WHAT IS EXPECTED
Where a line contains "Ravensburger - Pokmon", begin there and restate word for word every line to the end of the entries below, pictures excluded.

#####

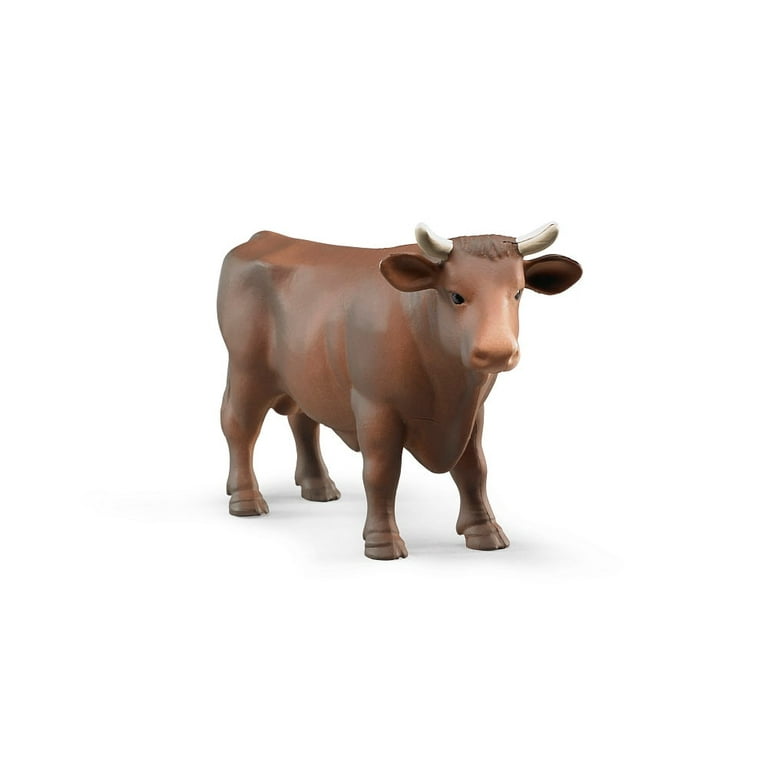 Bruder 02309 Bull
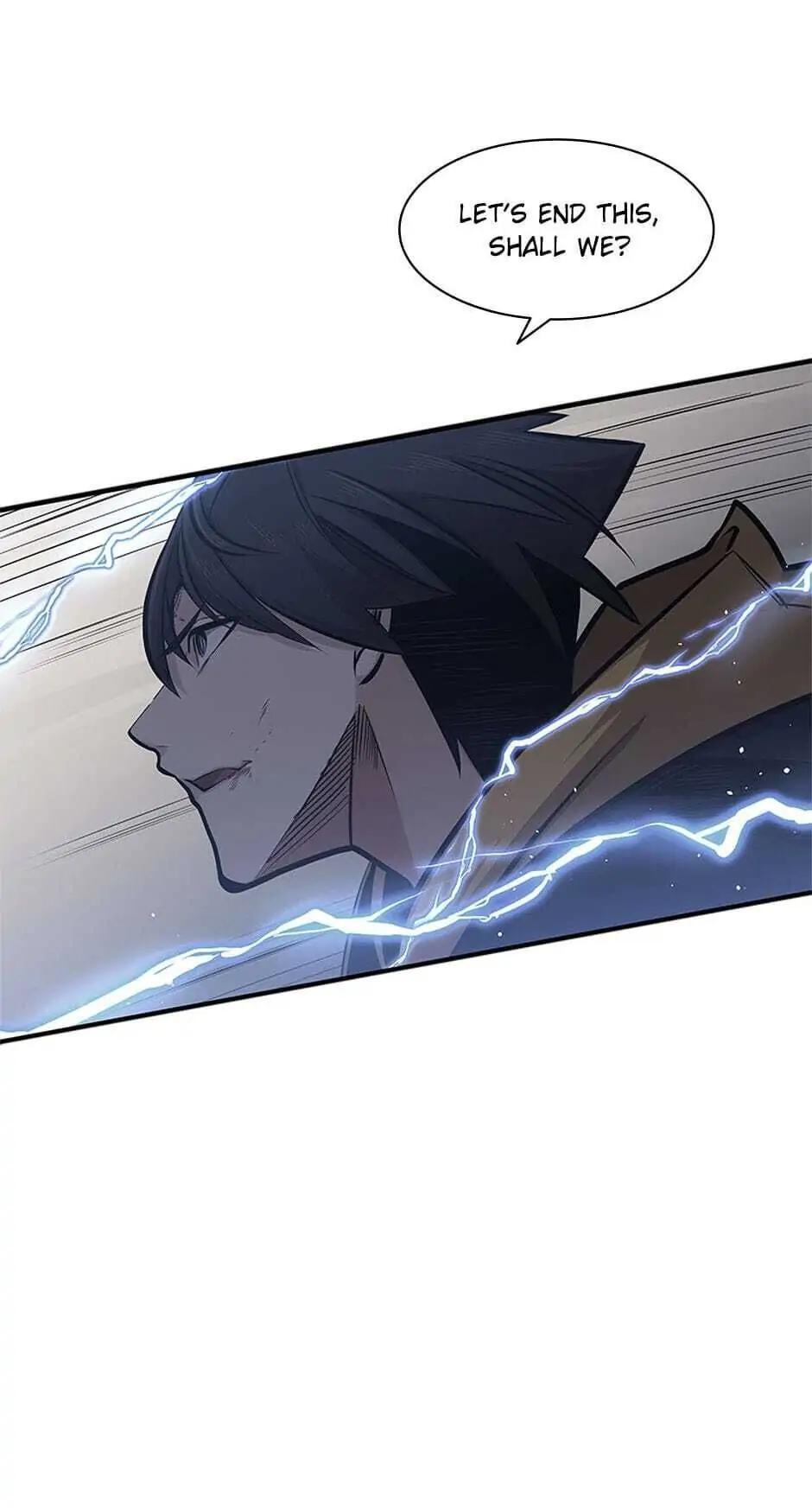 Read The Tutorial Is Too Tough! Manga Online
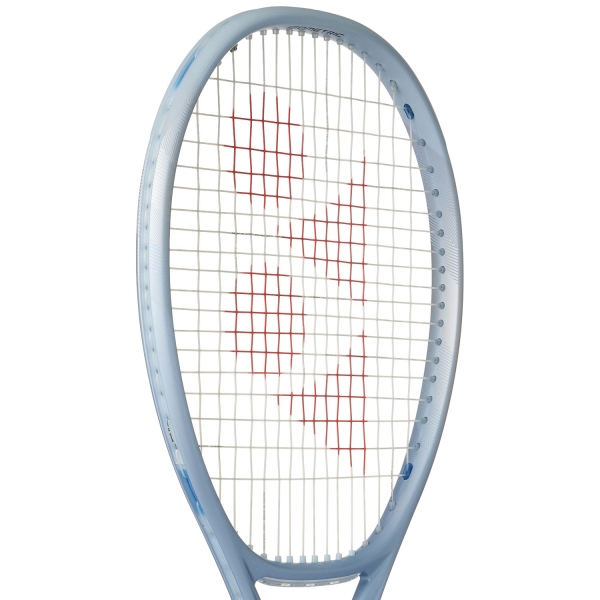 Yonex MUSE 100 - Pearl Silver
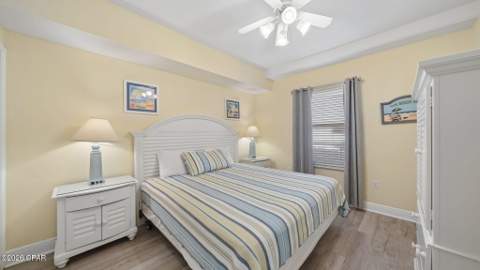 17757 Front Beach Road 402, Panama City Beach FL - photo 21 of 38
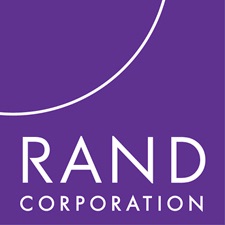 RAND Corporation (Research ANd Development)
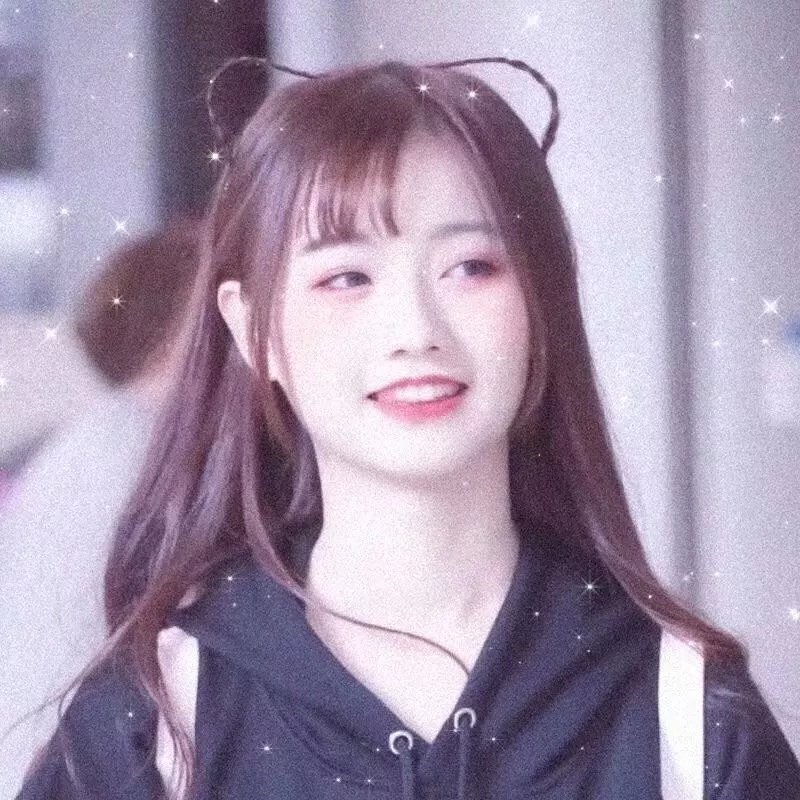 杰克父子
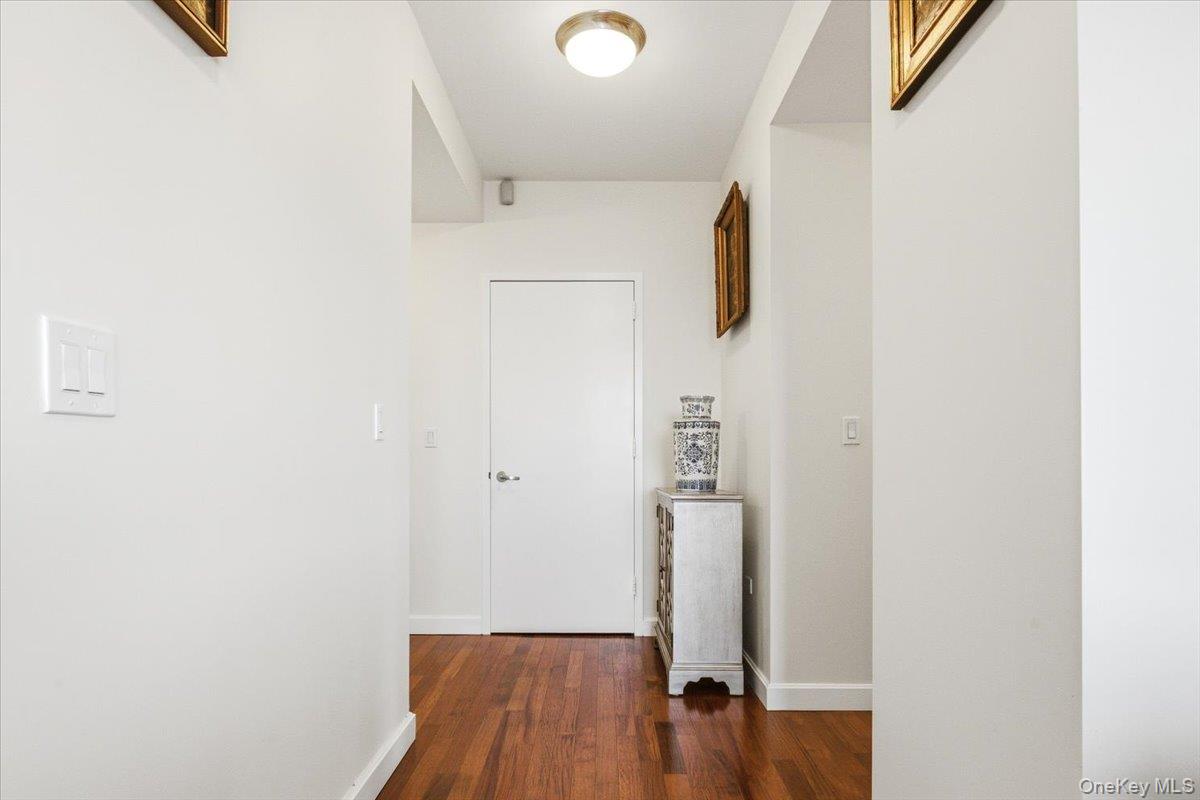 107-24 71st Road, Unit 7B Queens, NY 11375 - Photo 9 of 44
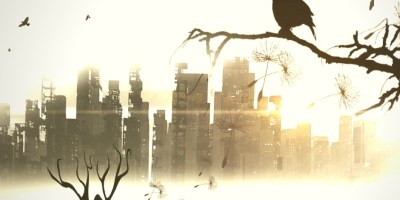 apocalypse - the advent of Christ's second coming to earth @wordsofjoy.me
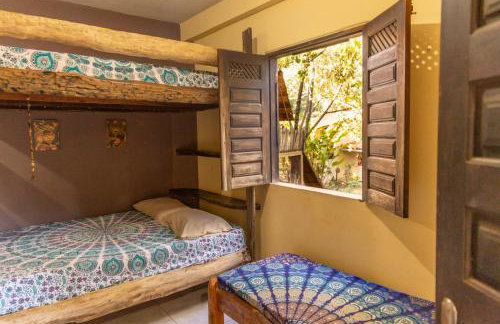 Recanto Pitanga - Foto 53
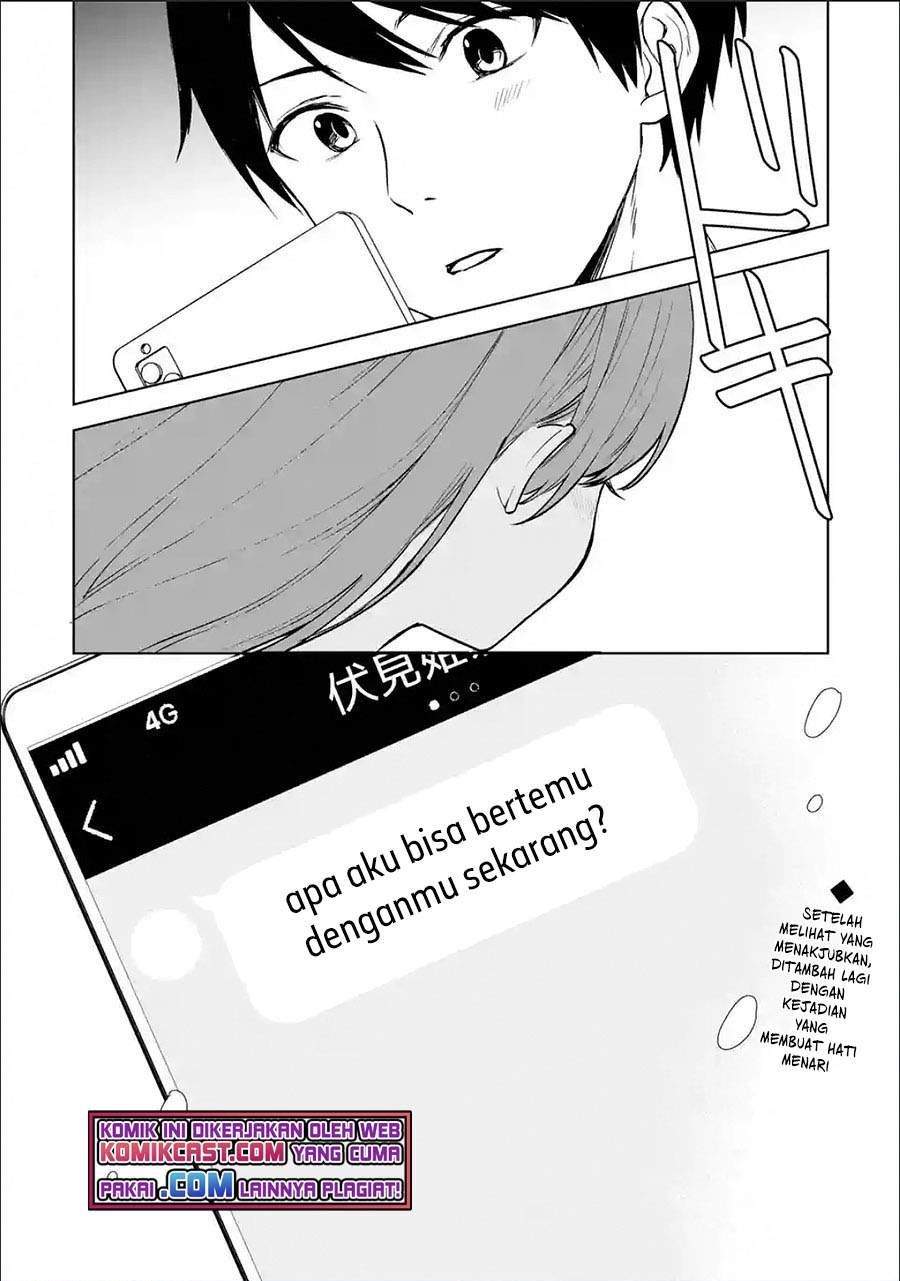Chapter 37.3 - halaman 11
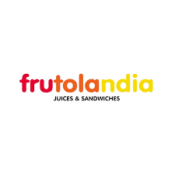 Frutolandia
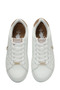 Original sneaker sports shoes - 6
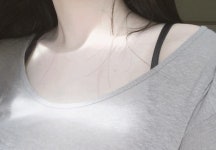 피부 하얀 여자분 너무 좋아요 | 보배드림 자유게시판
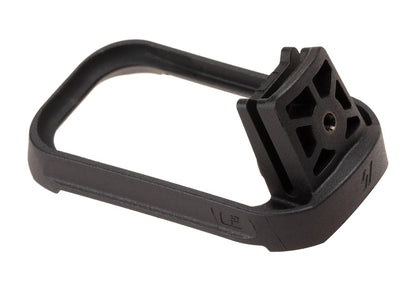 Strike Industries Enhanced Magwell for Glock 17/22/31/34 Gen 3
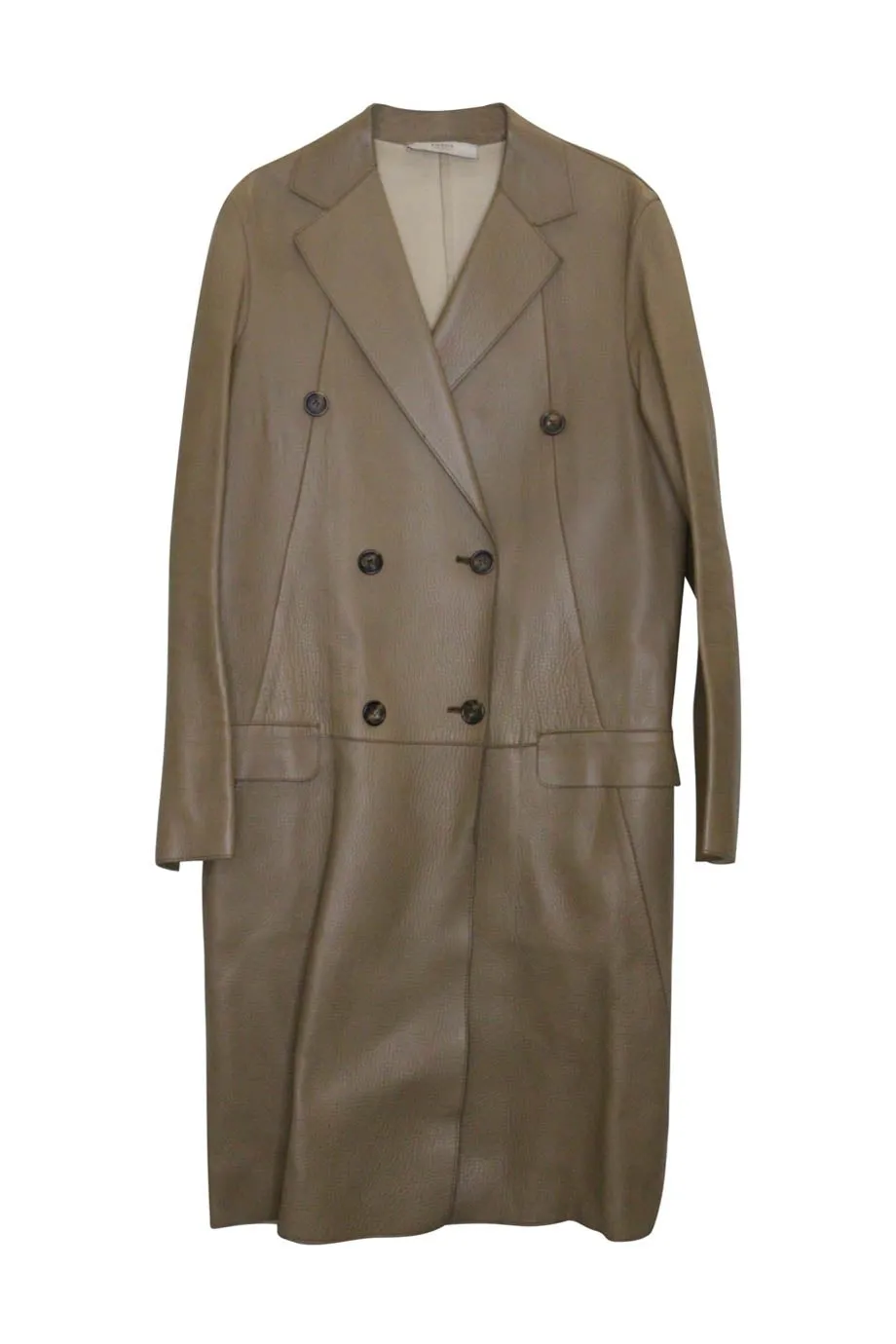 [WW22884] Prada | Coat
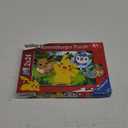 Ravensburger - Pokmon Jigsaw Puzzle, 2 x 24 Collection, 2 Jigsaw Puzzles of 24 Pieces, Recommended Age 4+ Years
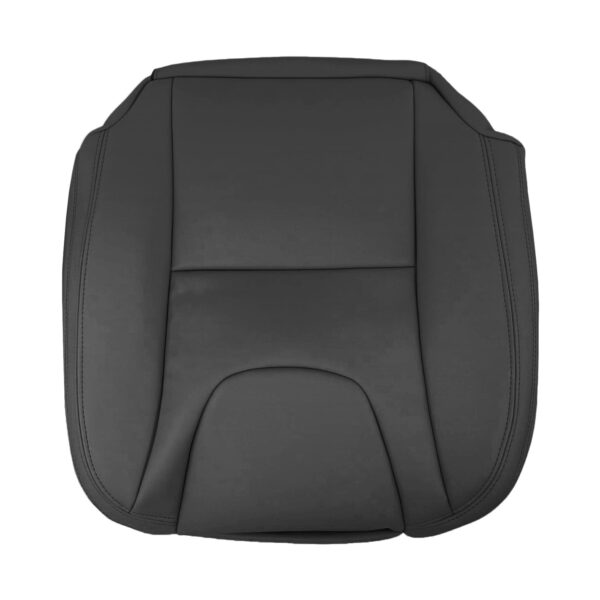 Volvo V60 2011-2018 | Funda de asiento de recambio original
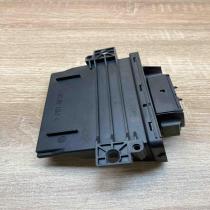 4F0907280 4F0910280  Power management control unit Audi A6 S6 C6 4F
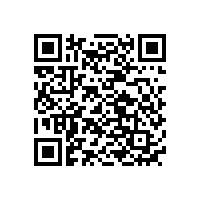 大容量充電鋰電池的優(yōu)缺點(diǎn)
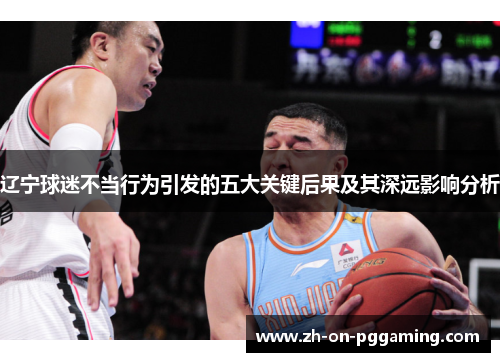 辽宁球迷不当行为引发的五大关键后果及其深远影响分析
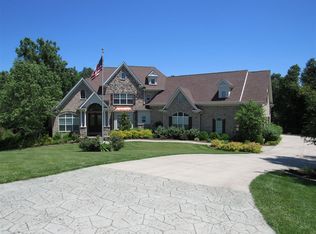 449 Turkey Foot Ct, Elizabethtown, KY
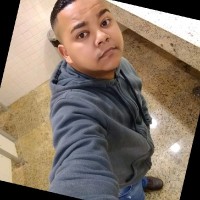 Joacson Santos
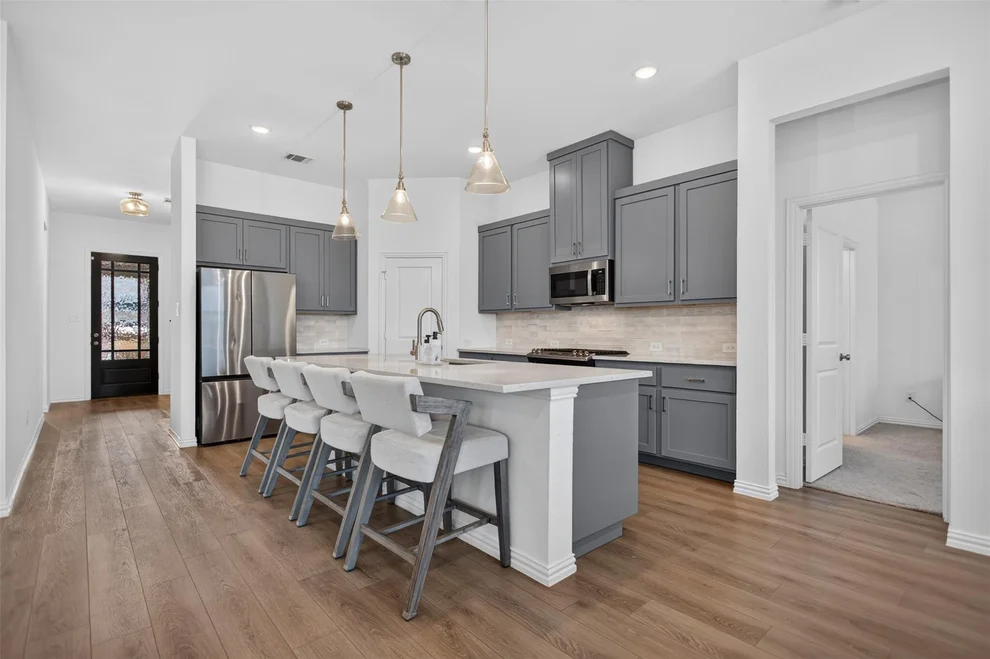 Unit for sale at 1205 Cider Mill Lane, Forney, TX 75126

#####

RESULT OF THE TASK
 Ravensburger - Pokmon Jigsaw Puzzle, 2 x 24 Collection, 2 Jigsaw Puzzles of 24 Pieces, Recommended Age 4+ Years
 Volvo V60 2011-2018 | Funda de asiento de recambio original
 4F0907280 4F0910280  Power management control unit Audi A6 S6 C6 4F
 大容量充電鋰電池的優(yōu)缺點(diǎn)
 辽宁球迷不当行为引发的五大关键后果及其深远影响分析
 449 Turkey Foot Ct, Elizabethtown, KY
 Joacson Santos
 Unit for sale at 1205 Cider Mill Lane, Forney, TX 75126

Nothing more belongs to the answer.